Je digresse. Le lycée. Ma seconde a été rythmée par des moqueries ouvertes par d’anciens camarades de collège ou des nouveaux. Je pense que c’est là qu’a commencé le cyber-harcèlement. 2006 : l’avènement de MSN et de Skyblog – je n’ai pas échappé à la tendance, surtout avec mon goût pour l’écriture – puis, plus tard, Facebook. Si sur MSN, c’était calme – je pense que ça commençait à être le déclin – je me suis faite critiquée ouvertement sur Skyblog – le mien et celui de mes copines. Traitée de tous les noms. Humiliée. Souillée. C’est vrai que, quand on vit ça, ado, je pense qu’on a tendance à faire comme si cela n’arrivait pas, parce que sinon c’est un aveu de faiblesse.
En première, j’ai commencé à connaître le déclin scolaire. La filière scientifique n’était pas pour moi, je n’étais pas bonne en math ni en SVT. En fin de mon année, cumulant les mauvaises notes et en planant vers le 7-8/20 de moyenne dans les matières scientifiques, j’ai voulu changer de filière. Après rendez-vous, avec ma professeur principale, il a été convenu que, comme j’étais une quiche en français, je redoublerais, en S.
Cette même année, j’étais convoquée dans le bureau de l’intendante : je n’allais pas à la cantine. Effectivement, je n’y allais pas. Le lycée, c’est l’endroit où on peut sortir quand on veut et j’avais découvert ce plus indéniable, surtout pour échapper aux autres. Mais ma carte n’étant jamais passée à la cantine, l’intendance a vite fait le lien. Je devais en parler à mes parents. Je me souviens que ma mère est rentrée en rage ce soir-là. Elle est entrée dans la cuisine, où je me trouvais avec mon père.
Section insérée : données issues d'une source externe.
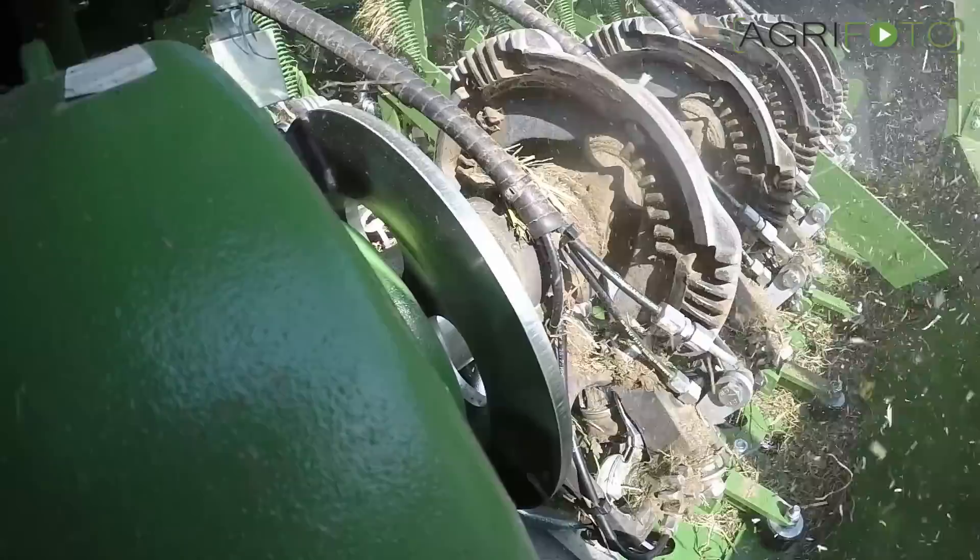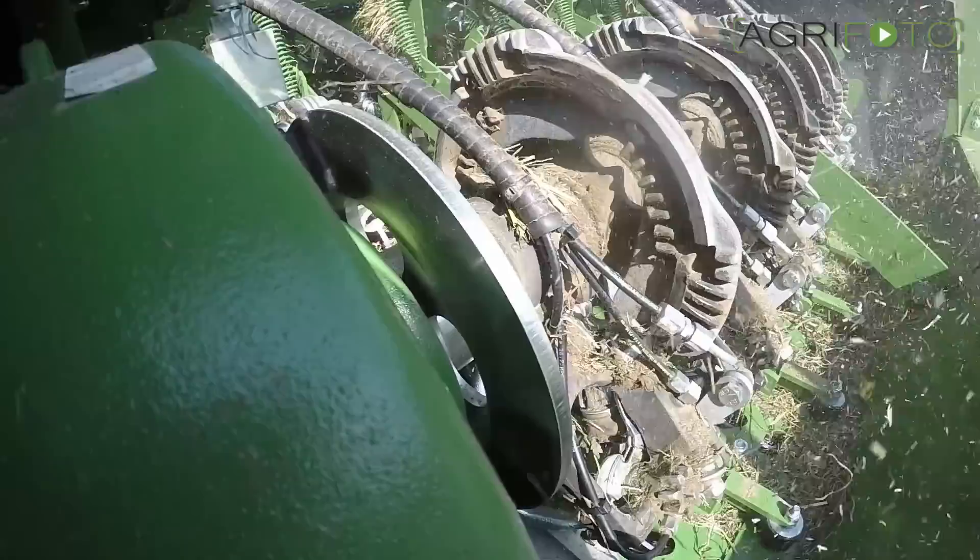The NOTA technology hasn't been touched, but a new protective cover houses two hydraulically driven fans to create a small amount of overpressure which keeps dust away.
J’avais décidé de leur dire après le repas, au calme. Elle a hurlé que je ne foutais jamais les pieds à la cantine – elle était passée au lycée pour quelque chose et en avait parlé à la CPE – et a tout de suite pensé que je ne dirais jamais rien. J’ai rétorqué que je comptais leur en parler après le repas. Elle voulait des explications. J’ai fondu en larmes en disant : « je vais pas à la cantine parce que je suis une proie facile, je suis toute seule et ils se moquent de moi. C’est plus simple quand on n’a pas d’ami ». Je me souviens avoir vu dans les yeux de ma mère beaucoup d’incompréhension, la colère de leur avoir menti était encore présente, mais autre chose. Je ne savais pas trop quoi. Je crois que cela commençait à germer dans leur esprit que je n’étais pas la plus rebelle de leur trois enfants pour rien, mais je ne peux pas savoir.
Le début de mon année de redoublement a été un boost certain pour mon égo – j’ai toujours été assez égocentrique sans trop le montrer. Mais je sais que c’est un soucis que je traîne avec moi. J’étais celle qui savait comment c’était la S et je me suis rapidement sentie assez bien dans ma classe, je me suis rapprochée de certaines filles et j’avais l’impression, pour la première fois de ma scolarité de faire partie du groupe. Le seul couac, c’est que mes deux amies qui me restaient du collège et avec qui j’ai traversé ces passes difficiles – comme j’ai pu – ont redoublé également et que j’étais du coup toujours avec elles. Mais je le disais, cela ne m’a pas empêchée de me faire des amies, ou plutôt des copines. J’ai même, pendant cette année, fait deux ou trois soirées chez moi ! Fou à imaginer pour moi.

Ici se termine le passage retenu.